◆ **WHAT IS NEEDED**
Below is some data. Retype exactly the lines starting at the one with "Pantene Pantene Pro-V" and ending at the one with "Aeta / ONE SHOULDER：S".

◆ **RECORDS**
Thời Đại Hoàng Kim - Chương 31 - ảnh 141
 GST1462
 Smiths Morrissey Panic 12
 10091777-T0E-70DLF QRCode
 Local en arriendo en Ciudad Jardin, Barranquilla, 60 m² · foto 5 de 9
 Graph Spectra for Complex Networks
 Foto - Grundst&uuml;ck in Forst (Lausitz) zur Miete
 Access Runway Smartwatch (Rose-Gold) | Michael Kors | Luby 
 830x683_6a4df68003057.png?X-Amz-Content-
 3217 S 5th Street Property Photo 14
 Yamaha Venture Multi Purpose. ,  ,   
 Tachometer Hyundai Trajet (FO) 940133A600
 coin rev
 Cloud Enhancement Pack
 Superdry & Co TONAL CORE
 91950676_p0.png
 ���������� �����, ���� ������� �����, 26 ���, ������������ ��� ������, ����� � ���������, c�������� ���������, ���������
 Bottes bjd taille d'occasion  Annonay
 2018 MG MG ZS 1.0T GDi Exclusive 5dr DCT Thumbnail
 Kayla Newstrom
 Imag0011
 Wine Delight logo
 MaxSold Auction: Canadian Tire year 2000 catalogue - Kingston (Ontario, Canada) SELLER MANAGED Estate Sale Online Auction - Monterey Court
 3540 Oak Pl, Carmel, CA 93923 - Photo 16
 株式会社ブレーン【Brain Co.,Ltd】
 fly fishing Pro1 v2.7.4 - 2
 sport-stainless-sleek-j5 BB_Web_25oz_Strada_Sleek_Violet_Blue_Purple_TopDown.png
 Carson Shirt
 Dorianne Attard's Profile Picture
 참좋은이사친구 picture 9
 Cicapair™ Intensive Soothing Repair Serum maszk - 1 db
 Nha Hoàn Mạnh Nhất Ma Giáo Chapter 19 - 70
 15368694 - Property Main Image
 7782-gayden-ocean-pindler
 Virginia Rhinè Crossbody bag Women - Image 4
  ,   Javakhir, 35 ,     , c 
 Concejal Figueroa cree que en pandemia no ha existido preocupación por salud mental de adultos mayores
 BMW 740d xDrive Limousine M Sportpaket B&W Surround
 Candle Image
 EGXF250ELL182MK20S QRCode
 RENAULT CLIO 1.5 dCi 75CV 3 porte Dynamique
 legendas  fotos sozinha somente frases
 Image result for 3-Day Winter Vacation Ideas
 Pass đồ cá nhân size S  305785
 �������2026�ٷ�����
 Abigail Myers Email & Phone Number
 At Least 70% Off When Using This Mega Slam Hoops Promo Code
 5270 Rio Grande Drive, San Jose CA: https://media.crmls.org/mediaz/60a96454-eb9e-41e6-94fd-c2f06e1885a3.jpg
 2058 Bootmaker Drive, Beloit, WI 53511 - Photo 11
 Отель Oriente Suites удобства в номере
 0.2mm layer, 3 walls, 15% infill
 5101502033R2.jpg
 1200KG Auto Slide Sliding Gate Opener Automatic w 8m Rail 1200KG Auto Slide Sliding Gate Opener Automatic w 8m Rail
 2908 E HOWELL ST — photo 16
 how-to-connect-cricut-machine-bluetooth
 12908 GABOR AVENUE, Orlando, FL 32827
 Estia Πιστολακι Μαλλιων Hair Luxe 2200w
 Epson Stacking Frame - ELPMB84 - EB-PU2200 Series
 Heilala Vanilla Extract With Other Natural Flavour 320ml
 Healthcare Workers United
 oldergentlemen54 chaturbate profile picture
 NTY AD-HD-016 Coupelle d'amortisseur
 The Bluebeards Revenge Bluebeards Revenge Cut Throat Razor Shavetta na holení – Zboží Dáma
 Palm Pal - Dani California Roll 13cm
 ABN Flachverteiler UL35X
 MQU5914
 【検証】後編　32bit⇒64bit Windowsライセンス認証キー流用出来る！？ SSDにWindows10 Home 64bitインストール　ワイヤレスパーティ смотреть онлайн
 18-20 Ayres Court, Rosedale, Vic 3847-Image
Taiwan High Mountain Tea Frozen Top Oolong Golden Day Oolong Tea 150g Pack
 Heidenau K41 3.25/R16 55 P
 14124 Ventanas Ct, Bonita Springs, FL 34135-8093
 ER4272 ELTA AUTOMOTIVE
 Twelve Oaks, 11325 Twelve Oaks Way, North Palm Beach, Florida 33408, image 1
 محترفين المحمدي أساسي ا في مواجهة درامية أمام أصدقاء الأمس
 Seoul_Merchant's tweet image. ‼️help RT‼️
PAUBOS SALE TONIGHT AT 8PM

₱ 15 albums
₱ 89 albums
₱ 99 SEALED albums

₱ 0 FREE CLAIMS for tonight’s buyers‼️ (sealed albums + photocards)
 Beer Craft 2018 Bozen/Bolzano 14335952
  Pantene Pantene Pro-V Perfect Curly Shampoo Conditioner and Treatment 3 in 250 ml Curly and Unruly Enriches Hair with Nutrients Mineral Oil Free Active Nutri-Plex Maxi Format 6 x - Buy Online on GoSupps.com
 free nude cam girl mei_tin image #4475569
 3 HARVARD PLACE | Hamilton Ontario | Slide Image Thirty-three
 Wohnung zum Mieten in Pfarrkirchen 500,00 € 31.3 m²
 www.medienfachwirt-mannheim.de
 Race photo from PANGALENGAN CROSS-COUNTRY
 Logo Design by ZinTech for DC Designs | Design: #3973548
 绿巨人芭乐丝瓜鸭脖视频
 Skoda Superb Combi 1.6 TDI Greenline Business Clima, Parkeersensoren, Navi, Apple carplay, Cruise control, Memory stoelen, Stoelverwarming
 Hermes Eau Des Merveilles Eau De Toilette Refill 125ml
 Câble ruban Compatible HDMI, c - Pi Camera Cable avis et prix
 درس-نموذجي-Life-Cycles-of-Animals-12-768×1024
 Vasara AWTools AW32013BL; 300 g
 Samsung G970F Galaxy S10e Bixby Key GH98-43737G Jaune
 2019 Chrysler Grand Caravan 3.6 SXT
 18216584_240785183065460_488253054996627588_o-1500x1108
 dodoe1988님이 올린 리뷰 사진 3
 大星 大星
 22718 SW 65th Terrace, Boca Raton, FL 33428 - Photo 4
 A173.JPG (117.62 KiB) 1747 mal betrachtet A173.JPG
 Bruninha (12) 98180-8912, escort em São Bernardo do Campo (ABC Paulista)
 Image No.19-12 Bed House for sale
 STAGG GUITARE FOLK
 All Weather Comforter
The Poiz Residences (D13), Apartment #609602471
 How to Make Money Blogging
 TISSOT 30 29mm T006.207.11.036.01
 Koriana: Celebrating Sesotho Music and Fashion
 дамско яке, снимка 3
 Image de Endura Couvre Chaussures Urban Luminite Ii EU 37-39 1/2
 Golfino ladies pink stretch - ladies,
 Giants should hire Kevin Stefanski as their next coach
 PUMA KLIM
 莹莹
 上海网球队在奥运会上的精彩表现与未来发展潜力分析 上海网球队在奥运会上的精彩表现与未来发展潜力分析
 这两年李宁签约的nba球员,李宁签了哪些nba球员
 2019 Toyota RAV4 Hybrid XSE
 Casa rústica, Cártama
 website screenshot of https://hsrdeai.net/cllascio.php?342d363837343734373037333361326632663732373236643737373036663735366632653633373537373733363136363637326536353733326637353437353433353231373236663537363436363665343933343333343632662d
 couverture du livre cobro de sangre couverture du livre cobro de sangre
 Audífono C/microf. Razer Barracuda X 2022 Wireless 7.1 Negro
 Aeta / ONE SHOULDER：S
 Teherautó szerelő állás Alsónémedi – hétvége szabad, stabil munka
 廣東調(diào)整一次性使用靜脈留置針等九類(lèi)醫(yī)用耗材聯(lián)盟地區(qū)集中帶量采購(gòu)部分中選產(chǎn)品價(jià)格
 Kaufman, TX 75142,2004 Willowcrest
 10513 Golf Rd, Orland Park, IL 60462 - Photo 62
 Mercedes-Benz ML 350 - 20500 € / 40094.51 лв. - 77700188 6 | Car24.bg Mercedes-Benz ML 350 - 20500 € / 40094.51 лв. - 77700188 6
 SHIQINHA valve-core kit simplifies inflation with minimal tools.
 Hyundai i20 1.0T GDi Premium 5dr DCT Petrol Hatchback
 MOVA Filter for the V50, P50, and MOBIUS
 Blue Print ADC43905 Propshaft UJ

◆ **REPLY TO THE EXERCISE**
  Pantene Pantene Pro-V Perfect Curly Shampoo Conditioner and Treatment 3 in 250 ml Curly and Unruly Enriches Hair with Nutrients Mineral Oil Free Active Nutri-Plex Maxi Format 6 x - Buy Online on GoSupps.com
 free nude cam girl mei_tin image #4475569
 3 HARVARD PLACE | Hamilton Ontario | Slide Image Thirty-three
 Wohnung zum Mieten in Pfarrkirchen 500,00 € 31.3 m²
 www.medienfachwirt-mannheim.de
 Race photo from PANGALENGAN CROSS-COUNTRY
 Logo Design by ZinTech for DC Designs | Design: #3973548
 绿巨人芭乐丝瓜鸭脖视频
 Skoda Superb Combi 1.6 TDI Greenline Business Clima, Parkeersensoren, Navi, Apple carplay, Cruise control, Memory stoelen, Stoelverwarming
 Hermes Eau Des Merveilles Eau De Toilette Refill 125ml
 Câble ruban Compatible HDMI, c - Pi Camera Cable avis et prix
 درس-نموذجي-Life-Cycles-of-Animals-12-768×1024
 Vasara AWTools AW32013BL; 300 g
 Samsung G970F Galaxy S10e Bixby Key GH98-43737G Jaune
 2019 Chrysler Grand Caravan 3.6 SXT
 18216584_240785183065460_488253054996627588_o-1500x1108
 dodoe1988님이 올린 리뷰 사진 3
 大星 大星
 22718 SW 65th Terrace, Boca Raton, FL 33428 - Photo 4
 A173.JPG (117.62 KiB) 1747 mal betrachtet A173.JPG
 Bruninha (12) 98180-8912, escort em São Bernardo do Campo (ABC Paulista)
 Image No.19-12 Bed House for sale
 STAGG GUITARE FOLK
 All Weather Comforter
The Poiz Residences (D13), Apartment #609602471
 How to Make Money Blogging
 TISSOT 30 29mm T006.207.11.036.01
 Koriana: Celebrating Sesotho Music and Fashion
 дамско яке, снимка 3
 Image de Endura Couvre Chaussures Urban Luminite Ii EU 37-39 1/2
 Golfino ladies pink stretch - ladies,
 Giants should hire Kevin Stefanski as their next coach
 PUMA KLIM
 莹莹
 上海网球队在奥运会上的精彩表现与未来发展潜力分析 上海网球队在奥运会上的精彩表现与未来发展潜力分析
 这两年李宁签约的nba球员,李宁签了哪些nba球员
 2019 Toyota RAV4 Hybrid XSE
 Casa rústica, Cártama
 website screenshot of https://hsrdeai.net/cllascio.php?342d363837343734373037333361326632663732373236643737373036663735366632653633373537373733363136363637326536353733326637353437353433353231373236663537363436363665343933343333343632662d
 couverture du livre cobro de sangre couverture du livre cobro de sangre
 Audífono C/microf. Razer Barracuda X 2022 Wireless 7.1 Negro
 Aeta / ONE SHOULDER：S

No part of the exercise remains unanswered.